On another topic, a provisional list of meetings for 2017 was drawn up; details as soon as it is in concrete form. A varied and fascinating list of “ten sheets” topics followed:

Member ESC 266 described the philatelic frenzy when it was discovered that Farouk Bar overprints could be obtained easily direct from the printers without going via the post office, leading to a plethora of “contrived” double bars covers in the 1950s – but then placed on view a lot from Auction 55 (left), a genuine small 1955 registered cover from Tala addressed to Jean Boulad d’Humières in Ismailia with a Defence 20m and double-bars Marechal 15m. Quite remarkable – and soon to honour someone else’s collection.

John Sears (ESC 188) showed a mini-collection of the sought-after Alexandria-Constanta Romanian Steamship Company covers identified by the Bir.Amb.Maritin / Alexandria/Constanta or vice-versa postmarks, together with, where possible, matching postcards illustrating the ships carrying the mails. The service, which started as the Serviciul Maritim Roman, ran from the 1910s until war stopped it in 1939.

Brian Sedgley (ESC 268) presented pages from the Posta Europea collection of the late Stanley Horesh, including five of their six postmark types (but not Type VI), together with a “mixed franking” Posta Europea entire of 22 JL 62 complete with French PO stamp and 3074 lozenge, authenticated by both Smith and Boulad d’Humières.

Ted Fraser-Smith (ESC 238) expanded on his recent article QC illustrating constant flaws on Egyptian miniature sheets with an attempt to discover the printing patterns for such sheets – and was mystified by the vast number of different sizes and shapes of the sheets. He was able to show, however, more constant varieties, especially on the sheet produced for Cairo 1991, and guidelines in the corners of many of the sheets, and hopes to be able to continue his researches using these clues.

Laurence Kimpton (ESC 591) showed several covers with Motor Mail labels produced by the Egyptian Post Office for use on the Haifa-Baghdad Nairn cars postal service, and one cover with insufficient postage for the service, which was instead sent by sea with enormous consequent delays.

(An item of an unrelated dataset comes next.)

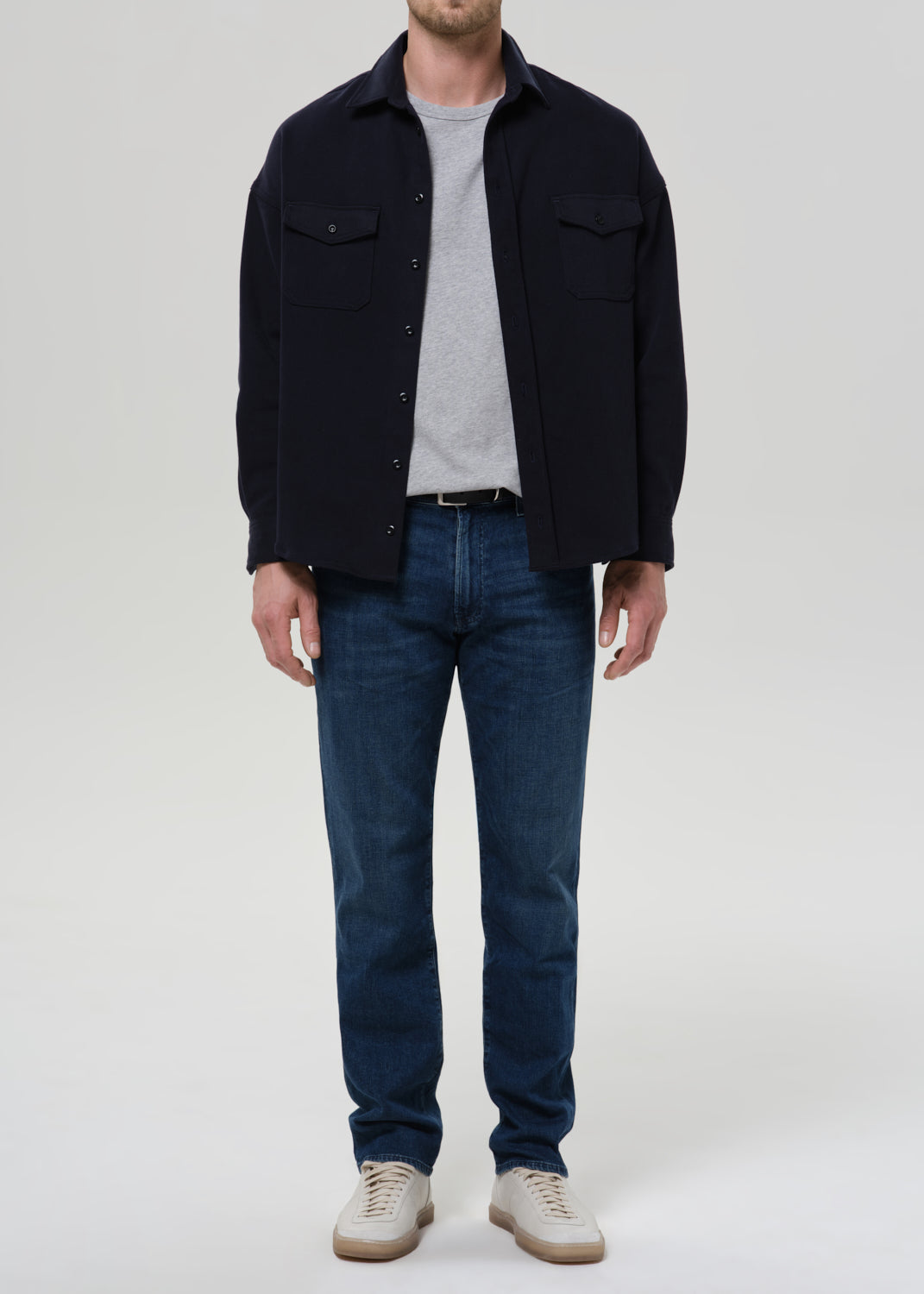 Person wearing medium blue straight leg jeans with a navy bomber jacket and light grey crewneck tee on a grey background.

He also showed the lack of Baghdad postal markings for official mail carried from Iraq to Egypt by the RAF air mail service, and how mail destined for England received Egyptian stamps and cancellations for the onward part of the journey.

* The meeting was able to congratulate Laurence on the award by the American Air Mail Society of its George D Kingdom Medal for his volume Airmails across the Middle East 1918-1930, described as “the best airmail book published in 2015”.

Mike Murphy volunteered to show an astonishing recent discovery by Hisham Bassyouny (ESC 391) concerning the 6m Boy King letter sheet, which will shortly be published as a full article in the QC. In the meantime, all members should closely examine the Arabic lettering at the head of the stamp’s vignette.

Peter Andrews (ESC 122) rounded out the day with a display of the Postal Savings Bank, inaugurated in March 1901, followed four years later by the Children’s Savings Bank. He showed a block of 15 of the 5m Harrison pictorial with Epargne Scolaire CDS and a full savings form 30x5m Fuad cancelled in Alexandria 18 MRT 29. And although Feltus says of the 50m of the Second (1973-80) Savings Bank issue “apparently none were sold), Peter produced a full savings form sheet properly cancelled.

All in all, an interesting and varied afternoon in good company.